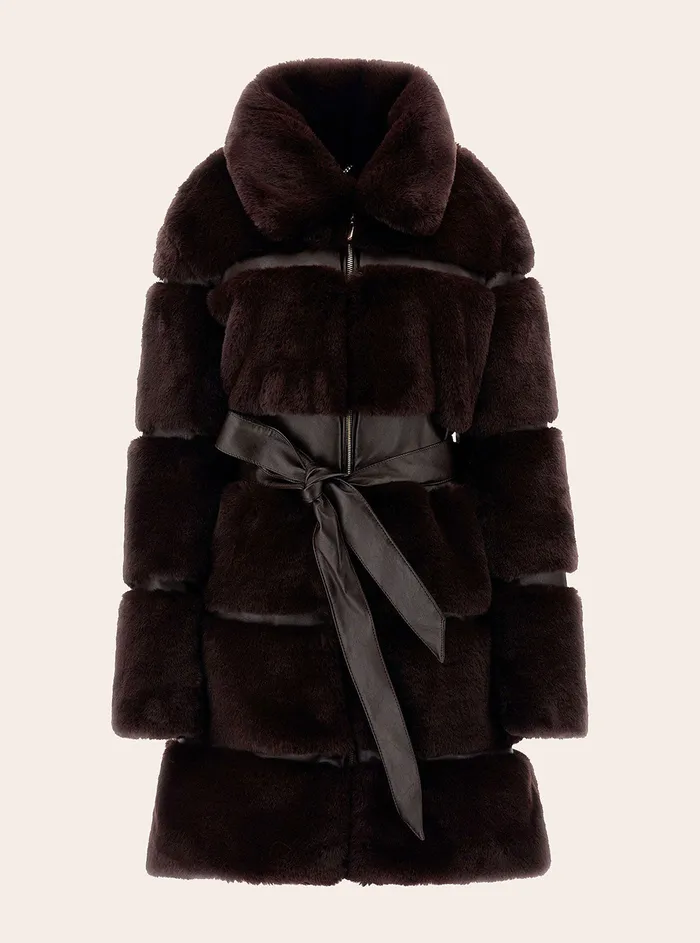 Women Marciano GUESS Marciano Brown Rosetta Faux Fur Coat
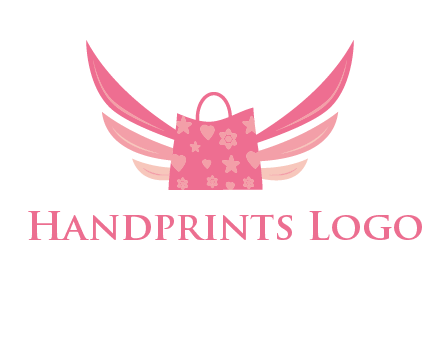 shopping bag with wings logo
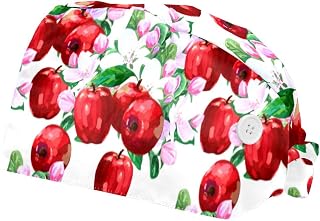 Red Fruit and Flowers 2 Pack Adjustable Working Cap with Buttons Elastic Bouffant Hats Head Scarf with Sweatband for Women Men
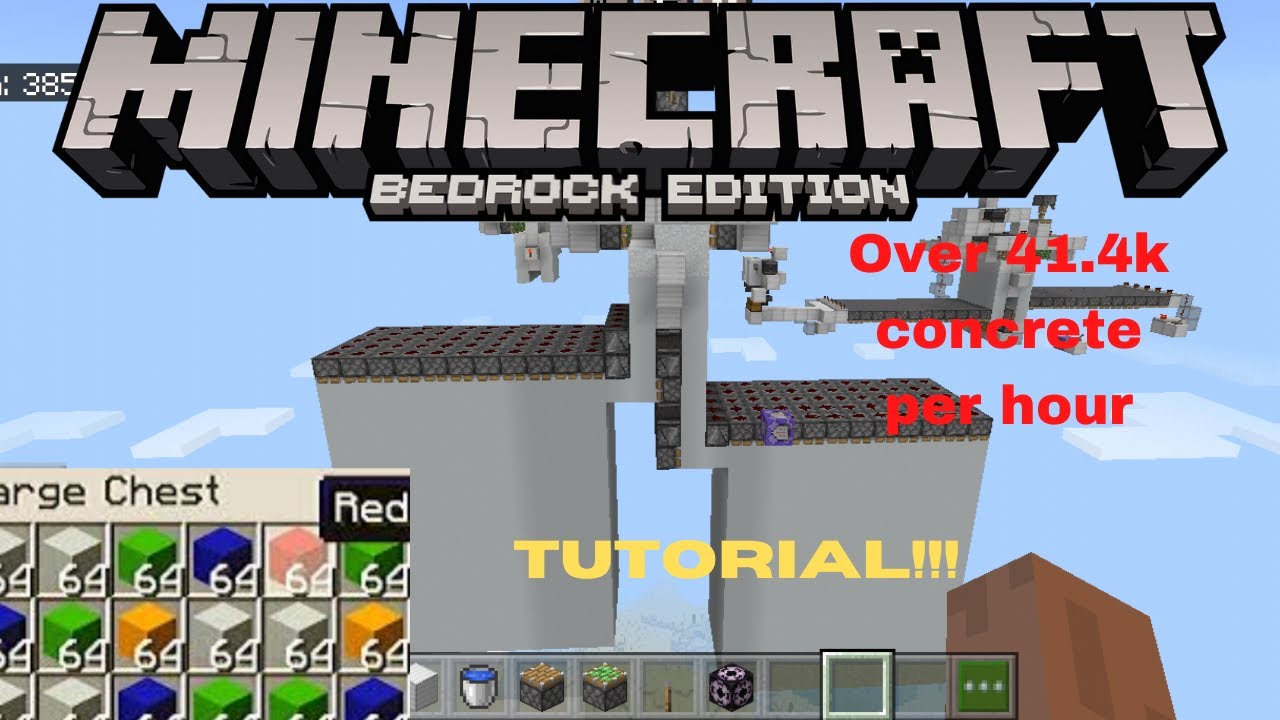 Minecraft fastest concrete converterBedrock fastest concrete maker
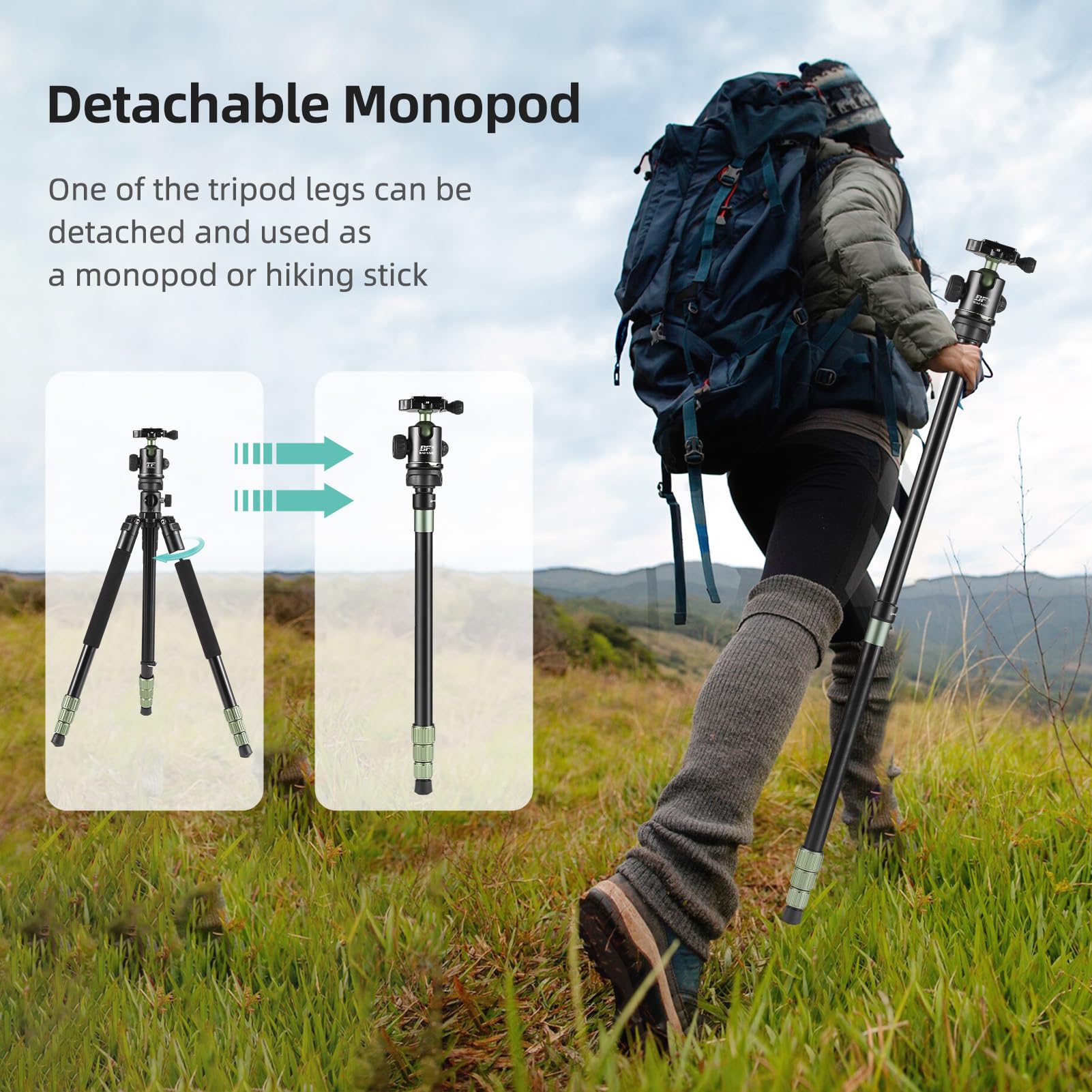 HUIOP 68-Inch Professional Aluminum Alloy Camera Tripod Stand with Panoramic Ballhead - Heavy Duty 10kg/22lbs Load Capacity for DSLR Cameras & Video Camcorders - Includes Carrying Bag for Travel, Photography & Videography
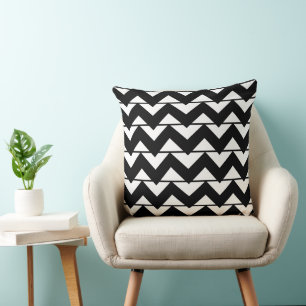 Chevron Stripe Black and White Pattern Cushion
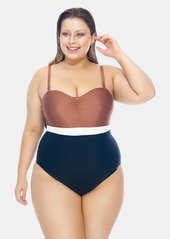Lehona Coloured Swimsuit With Padded Cups And Wide Straps - 22 - Also in: 16, 24, 20, 18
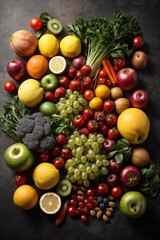 A colorful assortment of fresh fruits and vegetables on a wooden table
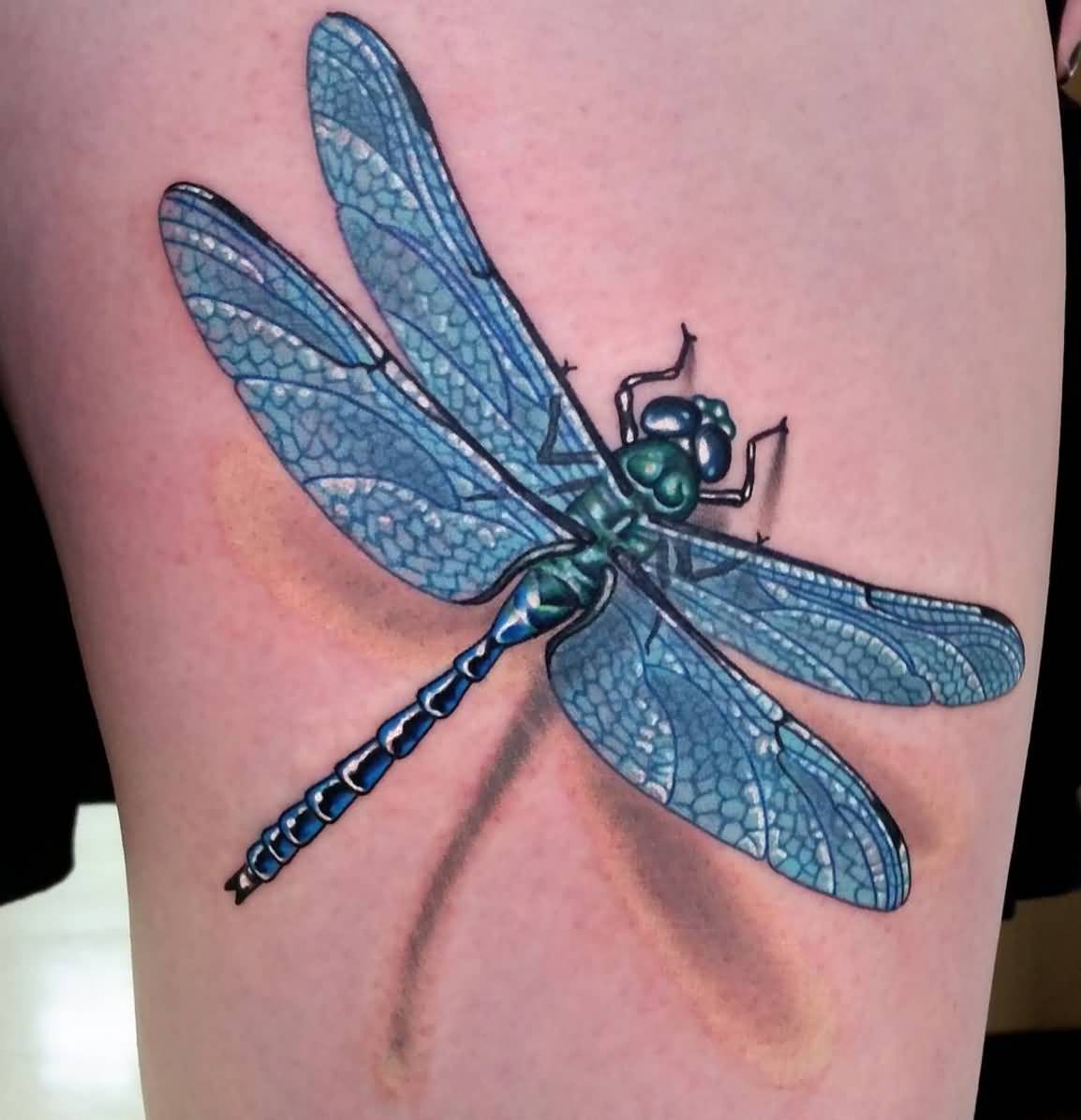 Blue 3d Dragonfly Tattoo Design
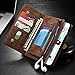 iPhone 6 Plus/iPhone 6S Plus Leather Wallet Phone Case Card Holder Detachable Magnetic Slim Case with Zipper Storage Brown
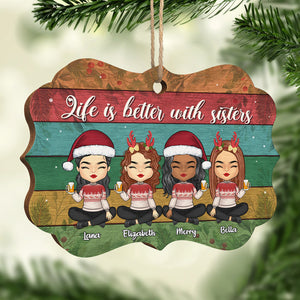 La vie de Noël est meilleure avec des sœurs - Décoration de Noël en bois personnalisée en forme de Benelux - Cadeau pour meilleure amie, meilleure amie, sœur, cadeau d'anniversaire pour meilleure amie et amie, cadeau de Noël
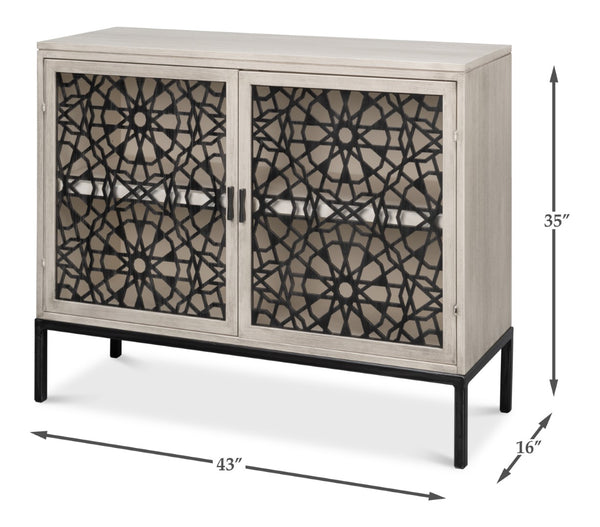 Sarreid Covet Door Chest - Elegant Ivory Bianca Finish In Tanganika Wood - Perfect For Stylish Storage Solutions White  53674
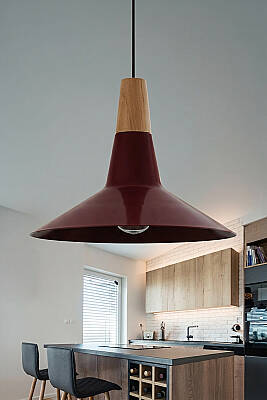 Ruby Ahşap Avize 30 cm - Bordo - MARRIEN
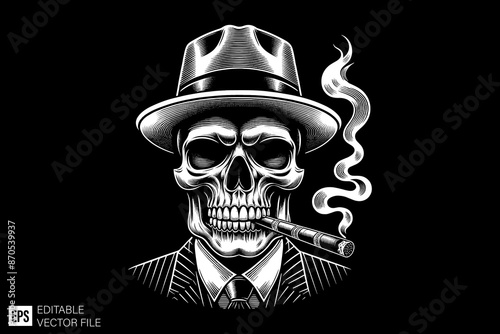 Skull head mafia vector illustration design black and white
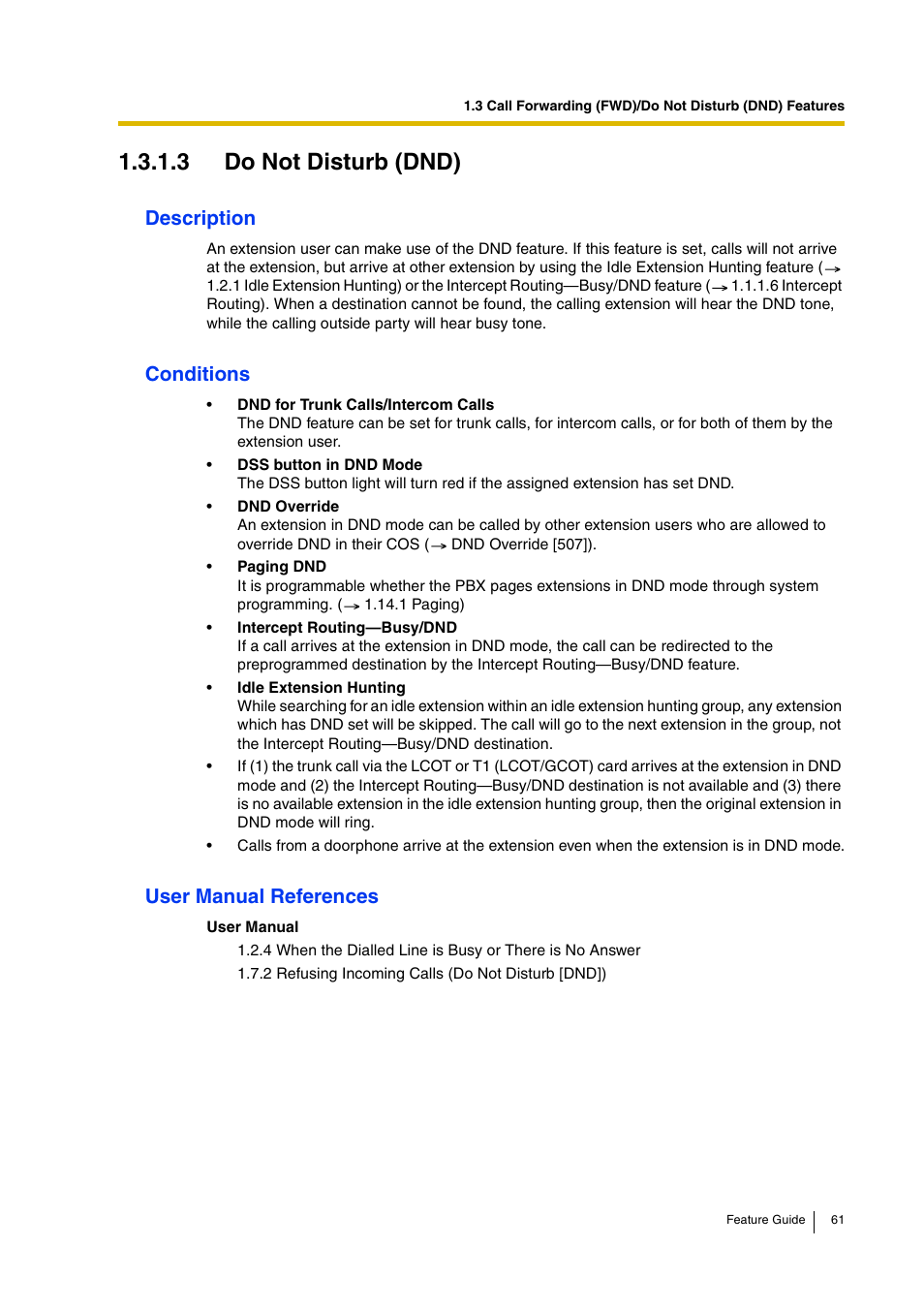 3 do not disturb (dnd), Description, Conditions | User manual references | Panasonic HYBRID IP-PBX KX-TDA200 User Manual | Page 61 / 358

■ **Activity**: Take only the line containing "Ruby Ahşap Avize 30 cm - Bordo - MARRIEN" and every line after it to the end of the entries, and copy them exactly, pictures excluded.

■ **Answer box**:
 Ruby Ahşap Avize 30 cm - Bordo - MARRIEN
 Skull head mafia vector illustration design black and white
 3 do not disturb (dnd), Description, Conditions | User manual references | Panasonic HYBRID IP-PBX KX-TDA200 User Manual | Page 61 / 358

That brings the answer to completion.